In February, Facebook announced an experiment designed to test how much political news users wanted in their News Feeds, a test that would remove that kind of content for a small group of users in the US, Canada, Brazil, and Indonesia, and then survey those users for their reactions to the removal. According to an update published on Tuesday, the company saw what it called “positive results” from the experiment, and as a result is now expanding the test to cover users in Ireland, Sweden, Spain, and Costa Rica. In addition, Facebook said it is tweaking the way it measures user behavior when interacting with political content: “We’ve learned that some engagement signals can better indicate what posts people find more valuable than others,” the company said. Instead of looking only at whether someone is likely to comment on or share a political post, Facebook said it will now put more emphasis on newer signals, such as how likely a person is to provide negative feedback about a political post or topic that happens to show up in their News Feed.

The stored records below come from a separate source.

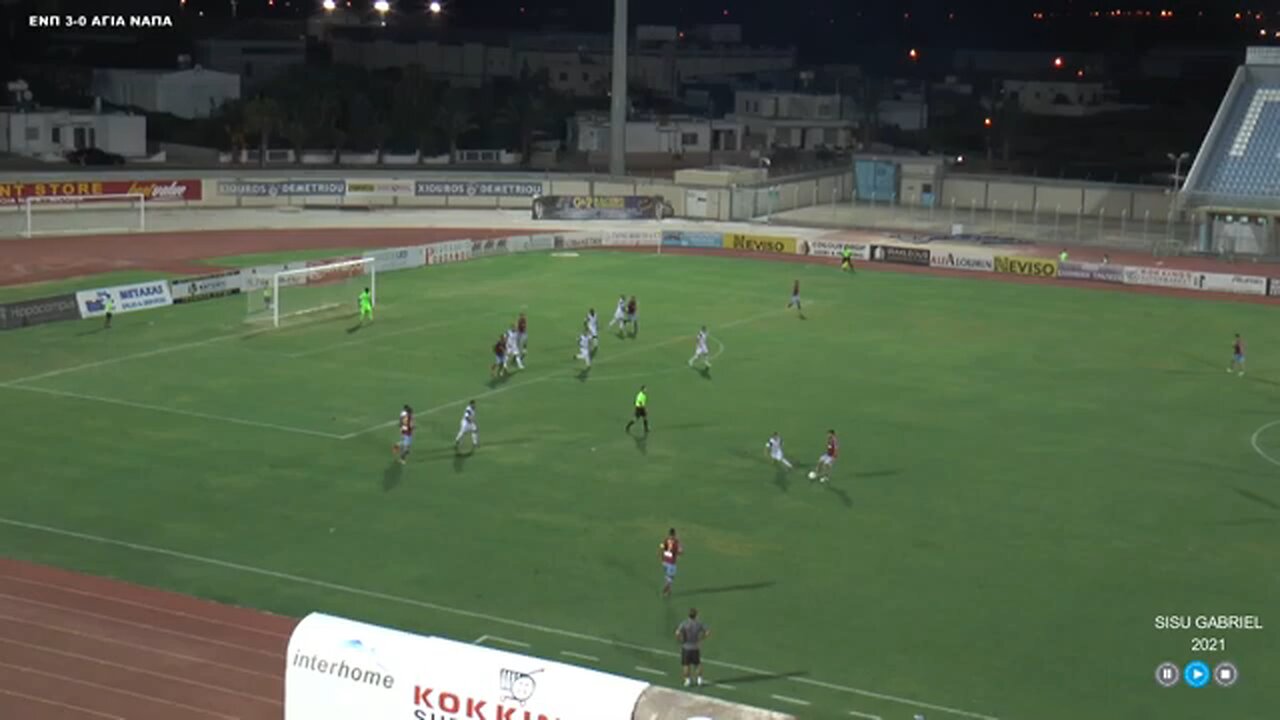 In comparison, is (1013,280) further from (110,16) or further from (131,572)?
(110,16)

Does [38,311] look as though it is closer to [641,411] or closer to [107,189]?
[641,411]

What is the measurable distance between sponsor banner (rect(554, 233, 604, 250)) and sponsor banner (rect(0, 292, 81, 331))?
91.0 ft

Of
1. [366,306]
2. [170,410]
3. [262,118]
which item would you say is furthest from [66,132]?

Facebook’s announcement is just the latest in a long series of algorithm changes aimed at de-emphasizing not just political news but professional news sources in general. Mark Zuckerberg, Facebook’s chief executive, said in 2018 the social network would be changing the News Feed to prioritize content shared by a user’s friends and family, rather than content from professional publishers and brands. “I’m changing the goal I give our product teams from focusing on helping you find relevant content to helping you have more meaningful social interactions,” he said. Some hoped the changes might spur some media companies to stop relying on Facebook for their traffic, but it’s unclear whether that has happened to any significant extent. Meanwhile, some disinformation researchers have pointed out that Facebook’s prioritization of content from friends and family—including a focus on promoting the use of private groups—may actually have made the problem worse.

Whenever Facebook tweaks its news algorithm, media outlets and publishers around the world tend to hold their breath, because even a small change in such a large and influential platform can impact a publisher’s traffic significantly. When the company made a similar tweak to its algorithms designed to down-rank professional news content in favor of personal posts, some publishers saw traffic declines as high as 30 percent. According to Facebook’s note, the latest changes “will affect public affairs content more broadly [and] publishers may see an impact on their traffic.” The company didn’t say how big an impact they might see, but did add it is planning a “gradual and methodical rollout” for its experiment, and expects to announce further expansions in the coming months.